As the days tick down to a vote on Prop. 19, yet another coalition of drug reformers has stepped forward with a new angle. The reformers are mothers, and their rallying cry is "do it for the children."
On Tuesday, a contingent of California moms outlined the parental case for legalizing marijuana. During a press conference early in the day and a later conference call with reporters outside of California, the marijuana moms argued that it is in every child's best interest for California to legalize the very same drug that schools and parents have religiously dogged since before the creation of first lady Nancy Reagan's "Drug Abuse Resistance Education" program in the 1980s.
"It might be counterintuitive," said Hanna Dershowitz, an attorney and mother of two, ages seven and five.
"I have the conversation [with my kids] every day about how much sugar is appropriate," she said. "The right thing is to have a reasonable conversation in the context of controlled, regulated marijuana."A member of the Women's Marijuana Party, Dershowitz was one of several mothers who said during a conference call with reporters that the state's punitive reactions to drug possession are not only drastic, but also anti-parent and anti-family.
"I am the mother of two sons, both are in their 30s, but once a mom, you're always advocating for your children and your children's children," said Gretchen Burns Bergman, a substance abuse counselor who helps families overcome addiction.
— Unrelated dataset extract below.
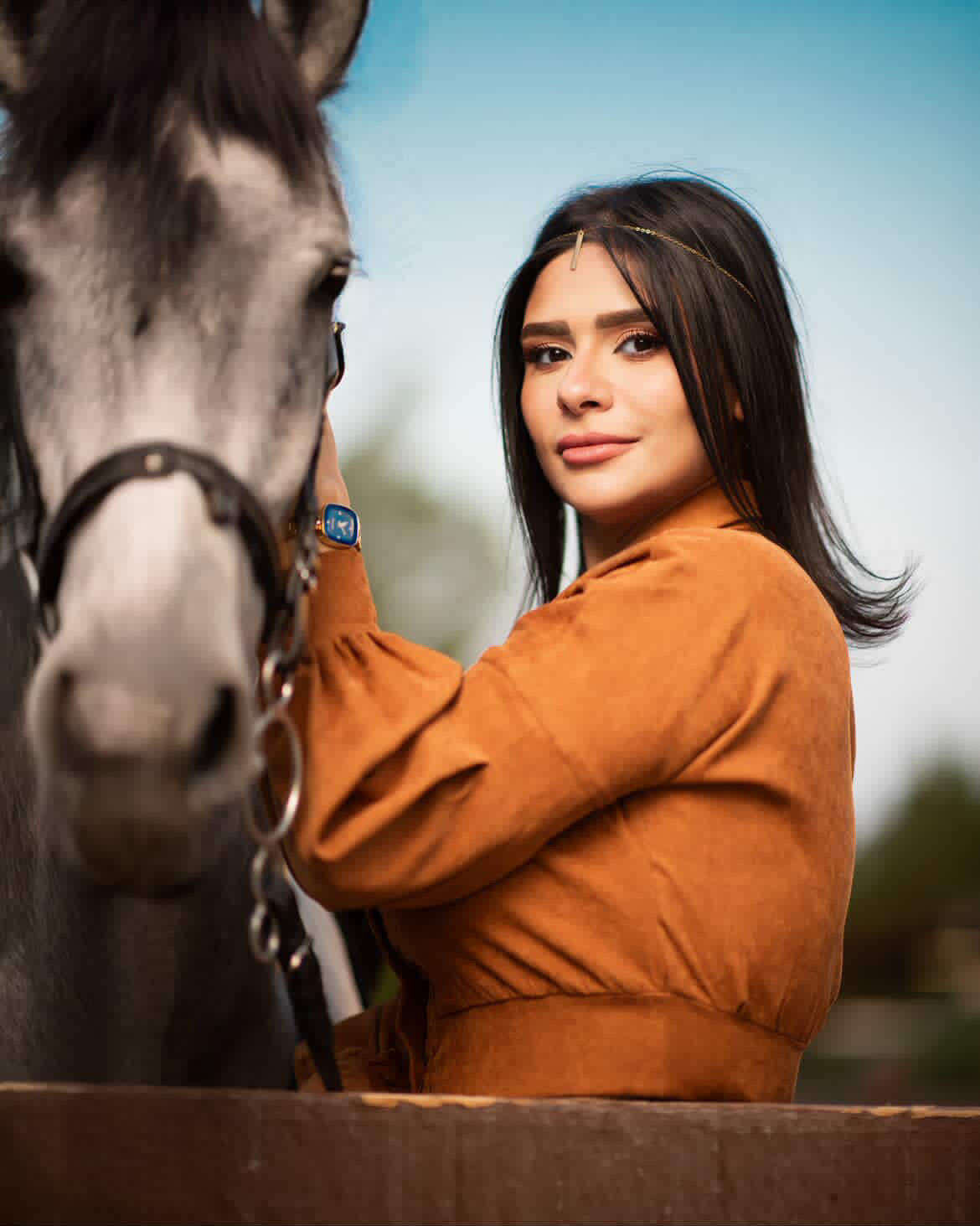 Portfolio 31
In 1990, Bergman's oldest son was arrested for marijuana possession. That charge, she wrote on the Huffington Post, "led to a decade of cycling in and out of the prison system for non-violent, low-level drug possession charges."
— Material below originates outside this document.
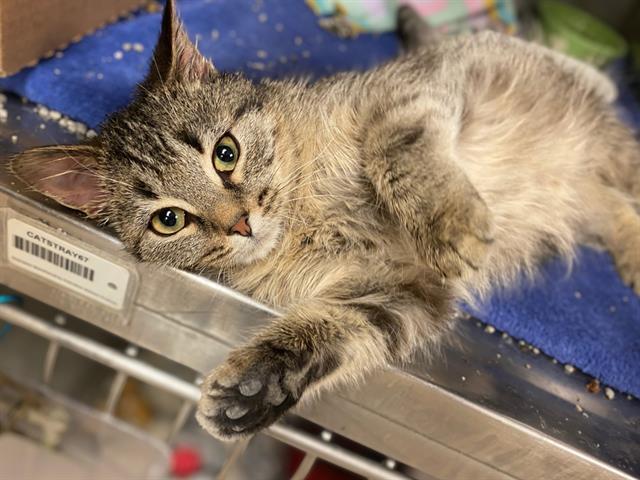 GABBY, Adoptable, Kitten Female Domestic Short Hair.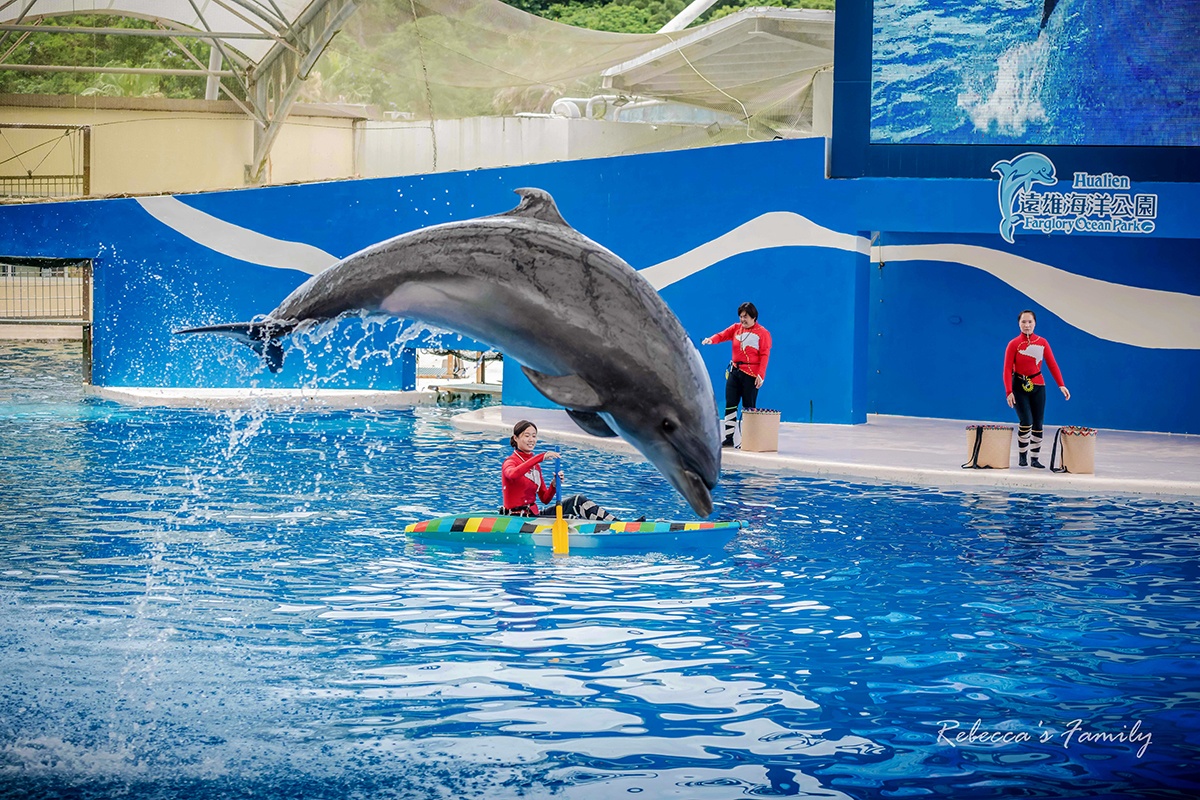 花蓮遠雄海洋公園這樣玩!遊樂設施、海豚表演、夜宿體驗,門票/住宿全攻略 花蓮遠雄海洋公園這樣玩!遊樂設施、海豚表演、夜宿體驗,門票/住宿全攻略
It's first-hand experience with the horrors of incarceration that sold Bergman on the need to change California's drug laws. "Mothers are leading the charge, just as during the 30s," she said. "Not because we love drugs and alcohol, but because we love our children and we cannot stand the costs of our punitive policies. The money raised through taxation could be spent on prevention, harm reduction, [and] education."
Also, some of the Hollywood stars have come out for the legalization of marijuana with the latest being Melissa Etheridge and Danny Glover.